Changes Don't Go Far Enough
Despite steps by the DoD to improve treatment of detainees, the Task Force says the agency "continues to follow policies that undermine standards of professional conduct" for interrogation, hunger strikes, and reporting abuse. This includes: issuing protocols requiring doctors and nurses to participate in the force-feeding of detainees, including forced extensive bodily restraints for up to two hours twice a day; enabling interrogators access to medical and psychological information about detainees for exploitation by interrogators; and permitting clinical care for detainees to suffer from the inability or failure of clinicians to address causes of detainee distress from torture.

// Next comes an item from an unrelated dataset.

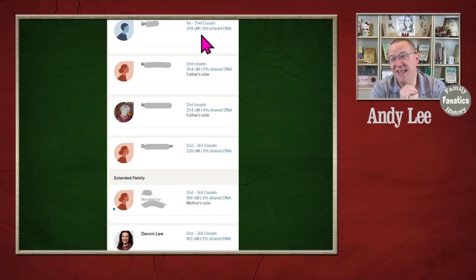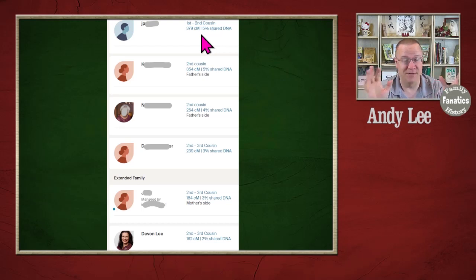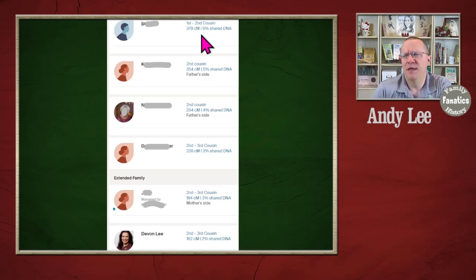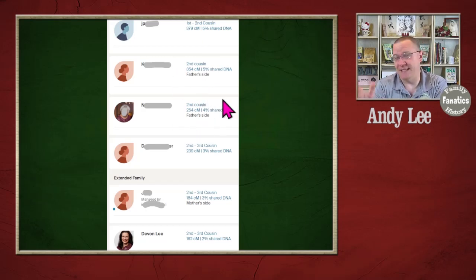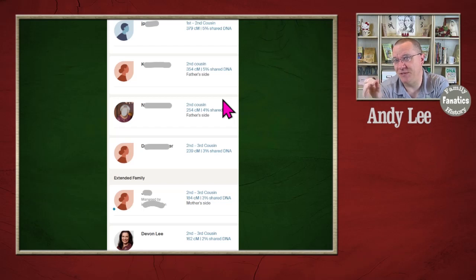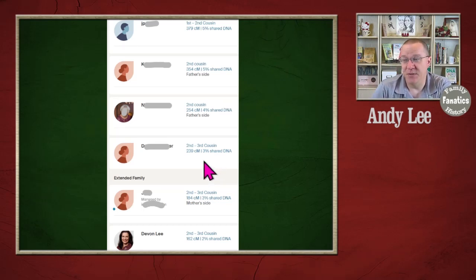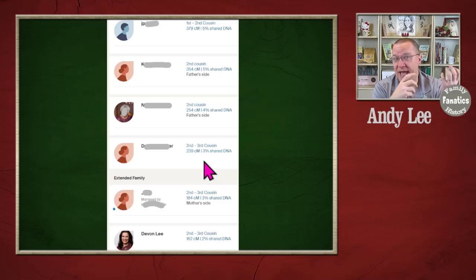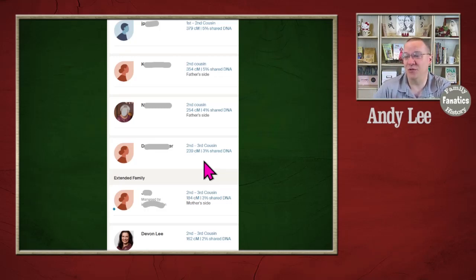So that first to second cousin actually represents a couple of different relationships. We have two here that are second cousins. And in this case, my wife has actually identified these specifically as second cousins. But then we get down to second to third cousin, which again has some different things in between as well. And second cousins are not the same thing as third cousins.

"Abuse of detainees, and health professional participation in this practice, is not behind us as a country," said Task Force member Leonard Rubenstein, a legal scholar at the Center for Human Rights and Public Health at The Johns Hopkins Bloomberg School of Public Health and the Berman Institute of Bioethics. "Force-feeding by physicians in violation of ethical standards is illustrative of a much broader legacy in which medical professionalism has been undermined."

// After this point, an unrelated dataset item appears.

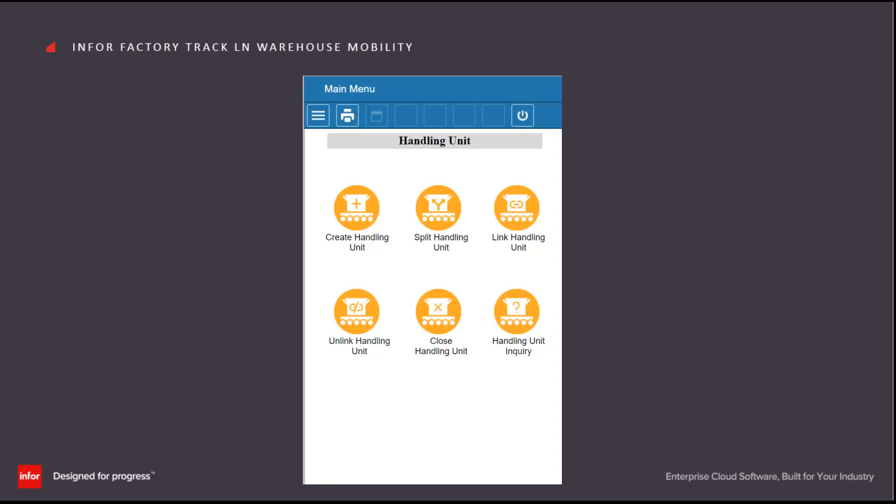If the user selects the handling unit menu, these six options show up. These transactions are used to manipulate the handling unit concept in LN for stock control purposes. They allow us to create, split, link, unlink and close handling units and also to inquire upon them.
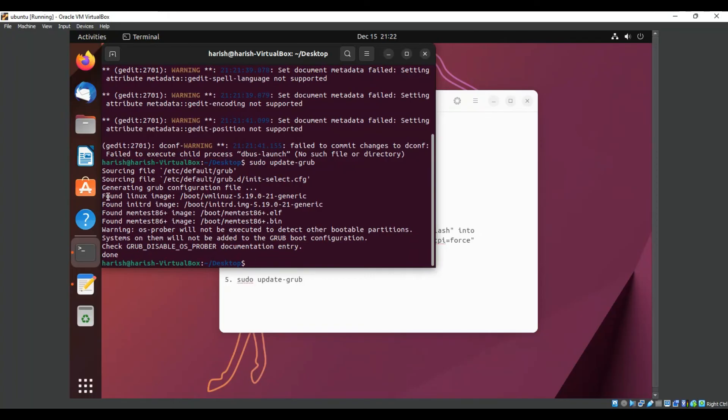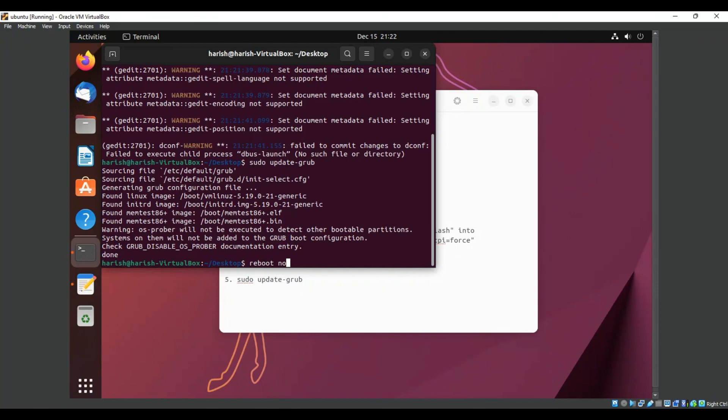Here you can see the kernel image - this file has been executed. Now you have to reboot your system, and you can see it will not freeze again. Thanks for watching.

The Task Force recommends a full investigation of medical practices in detention facilities and public release of the Senate Intelligence Committee's review of CIA practices. It also calls for promulgation of rules that harmonize medical and psychological practices with ethical prohibitions on participation in interrogation, use of medical records for interrogation, force feeding, and abuse reporting. Among its other recommendations:
Require military medical training programs, including pre-deployment training, to include human rights and professional ethical principles regarding treatment of detainees;
Urge professional medical associations to strengthen their ethical standards around interrogation and detention of detainees and take proactive steps to foster compliance (This includes disciplining members who have breached standards of professional conduct and supporting state laws strengthening the authority of licensing boards to discipline health professionals who engage in torture); and
Require states to make it explicit that health professionals who support interrogation and participate in torture or cruel, inhumane or degrading treatment be disciplined.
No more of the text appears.